The basic idea of the ConcurrentHashMap is that only modifications use a lock, while retrieval-only operations don't. This is possible because the entire data structure and the operations on it are defined in a way that allows get() to only ever see a "consistent enough" state of the map to do its work. If there's currently an insert operation in progress, then get() either sees the result or it doesn't, but it won't ever see a partial result or even temporarily invalid data.
I have been reading for concurency since yesterday and i dont know much things... However some things are starting to getting clear...
I understand why double check locking isnt safe (i wonder what is the propability the rare condition to occur) but volatile fixes the issue in 1.5 +....

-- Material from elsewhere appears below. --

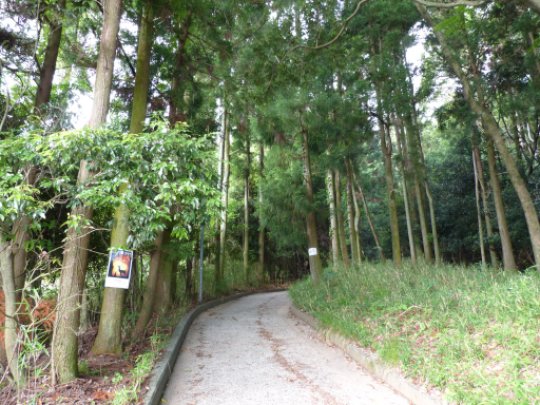 神武神社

But i wonder if this occurs with putifAbsent
like...
myObj = new myObject("CodeMonkey");
cHashM.putIfAbsent("keyy",myObj);
Then does this ensures that myObj would be 100% intialiased when another thread does a cHashM.get() ??? Because it could have a reference isnt completely initialised (the double check lock problem)
If you invoke concurrentHashMap.get(key) and it returns an object, that object is guaranteed to be fully initialized. Each put (or putIfAbsent) will obtain a bucket specific lock and will append the element to the bucket's entries.
Now you may go through the code and notice that the get method doesnt obtain this same lock. So you can argue that there can be an out of date read, that isn't true either. The reason here is that value within the entry itself is volatile. So you will be sure to get the most up to date read.
putIfAbsent method in ConcurrentHashMap is check-if-absent-then-set method. It's an atomic operation. But to answer the following part: "Then does this ensures that myObj would be 100% intialiased when another thread does a cHashM.get() ", it would depend on when the object is put into the HashMap. Usually there is a happens-before precedence, i.e., if the caller gets first before the object is placed in the map, then null would be returned, else the value would be returned.
The relevant part of the documentation is this:
Memory consistency effects: As with
other concurrent collections, actions
in a thread prior to placing an object
into a ConcurrentMap as a key or value
happen-before actions subsequent to
the access or removal of that object
from the ConcurrentMap in another
thread.
-- java.util.ConcurrentMap
So, yes you have your happens-before relationship.
I'm not an expert on this, but looking at the implementation of Segment in ConcurrentHashMap I see that the volatile field count appears to be used to ensure proper visibility between threads. All read operations have to read the count field and all write operations have to write to it. From comments in the class:
Read operations can thus proceed without locking, but rely
on selected uses of volatiles to ensure that completed
write operations performed by other threads are
noticed. For most purposes, the "count" field, tracking the
number of elements, serves as that volatile variable
ensuring visibility. This is convenient because this field
needs to be read in many read operations anyway:
- All (unsynchronized) read operations must first read the
"count" field, and should not look at table entries if
it is 0.
- All (synchronized) write operations should write to
the "count" field after structurally changing any bin.
The operations must not take any action that could even
momentarily cause a concurrent read operation to see
inconsistent data. This is made easier by the nature of
the read operations in Map. For example, no operation
can reveal that the table has grown but the threshold
has not yet been updated, so there are no atomicity
requirements for this with respect to reads.